(Stored data entries)
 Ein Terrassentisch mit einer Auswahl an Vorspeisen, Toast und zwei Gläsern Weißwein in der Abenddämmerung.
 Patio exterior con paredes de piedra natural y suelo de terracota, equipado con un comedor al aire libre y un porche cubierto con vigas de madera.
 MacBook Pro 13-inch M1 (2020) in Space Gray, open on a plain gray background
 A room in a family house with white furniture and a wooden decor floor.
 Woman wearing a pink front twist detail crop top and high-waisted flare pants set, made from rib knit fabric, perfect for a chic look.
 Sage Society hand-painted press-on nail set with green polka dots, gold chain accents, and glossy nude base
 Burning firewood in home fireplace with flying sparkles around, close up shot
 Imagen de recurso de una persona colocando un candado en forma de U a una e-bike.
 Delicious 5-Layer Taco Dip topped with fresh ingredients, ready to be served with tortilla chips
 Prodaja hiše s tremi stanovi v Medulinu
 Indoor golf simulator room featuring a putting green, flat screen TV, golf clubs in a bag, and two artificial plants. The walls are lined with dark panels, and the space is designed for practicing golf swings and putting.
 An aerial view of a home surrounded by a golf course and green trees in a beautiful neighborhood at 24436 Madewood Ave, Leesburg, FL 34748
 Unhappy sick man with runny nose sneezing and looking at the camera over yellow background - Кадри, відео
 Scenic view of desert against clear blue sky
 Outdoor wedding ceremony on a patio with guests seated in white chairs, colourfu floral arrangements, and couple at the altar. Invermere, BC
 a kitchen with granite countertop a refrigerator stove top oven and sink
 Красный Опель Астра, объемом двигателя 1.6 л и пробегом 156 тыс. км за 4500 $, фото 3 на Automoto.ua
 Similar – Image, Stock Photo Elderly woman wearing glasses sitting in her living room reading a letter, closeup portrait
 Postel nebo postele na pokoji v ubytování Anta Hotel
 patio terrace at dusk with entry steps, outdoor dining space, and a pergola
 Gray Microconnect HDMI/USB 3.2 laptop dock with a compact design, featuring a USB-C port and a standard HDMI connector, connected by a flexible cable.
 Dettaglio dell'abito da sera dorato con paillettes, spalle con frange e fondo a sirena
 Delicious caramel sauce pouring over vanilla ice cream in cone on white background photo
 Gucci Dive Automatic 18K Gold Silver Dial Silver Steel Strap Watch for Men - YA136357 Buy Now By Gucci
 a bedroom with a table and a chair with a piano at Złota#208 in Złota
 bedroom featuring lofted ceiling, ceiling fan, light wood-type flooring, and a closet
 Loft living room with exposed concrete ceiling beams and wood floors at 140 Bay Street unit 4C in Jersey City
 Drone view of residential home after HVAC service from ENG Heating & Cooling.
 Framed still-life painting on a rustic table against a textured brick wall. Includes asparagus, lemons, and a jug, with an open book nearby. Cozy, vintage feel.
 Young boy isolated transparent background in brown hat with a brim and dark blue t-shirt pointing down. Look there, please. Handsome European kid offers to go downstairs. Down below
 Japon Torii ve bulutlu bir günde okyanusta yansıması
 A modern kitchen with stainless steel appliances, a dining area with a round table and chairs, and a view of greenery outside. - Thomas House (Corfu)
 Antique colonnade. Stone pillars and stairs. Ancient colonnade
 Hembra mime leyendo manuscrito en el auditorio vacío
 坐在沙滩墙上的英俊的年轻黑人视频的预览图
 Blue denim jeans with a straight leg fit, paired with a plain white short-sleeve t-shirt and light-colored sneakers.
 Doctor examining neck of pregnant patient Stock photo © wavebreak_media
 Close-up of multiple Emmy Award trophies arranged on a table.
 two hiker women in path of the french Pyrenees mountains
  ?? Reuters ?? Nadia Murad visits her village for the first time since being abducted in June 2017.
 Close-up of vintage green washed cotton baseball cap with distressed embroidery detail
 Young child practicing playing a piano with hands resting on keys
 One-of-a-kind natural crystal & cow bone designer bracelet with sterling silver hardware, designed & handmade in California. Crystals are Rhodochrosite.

> WORK TO BE COMPLETED: Transcribe the records above from the line holding "Unhappy sick man" down to the line holding "Similar – Image, Stock", inclusive, without adding anything.

> TASK RESULT:
 Unhappy sick man with runny nose sneezing and looking at the camera over yellow background - Кадри, відео
 Scenic view of desert against clear blue sky
 Outdoor wedding ceremony on a patio with guests seated in white chairs, colourfu floral arrangements, and couple at the altar. Invermere, BC
 a kitchen with granite countertop a refrigerator stove top oven and sink
 Красный Опель Астра, объемом двигателя 1.6 л и пробегом 156 тыс. км за 4500 $, фото 3 на Automoto.ua
 Similar – Image, Stock Photo Elderly woman wearing glasses sitting in her living room reading a letter, closeup portrait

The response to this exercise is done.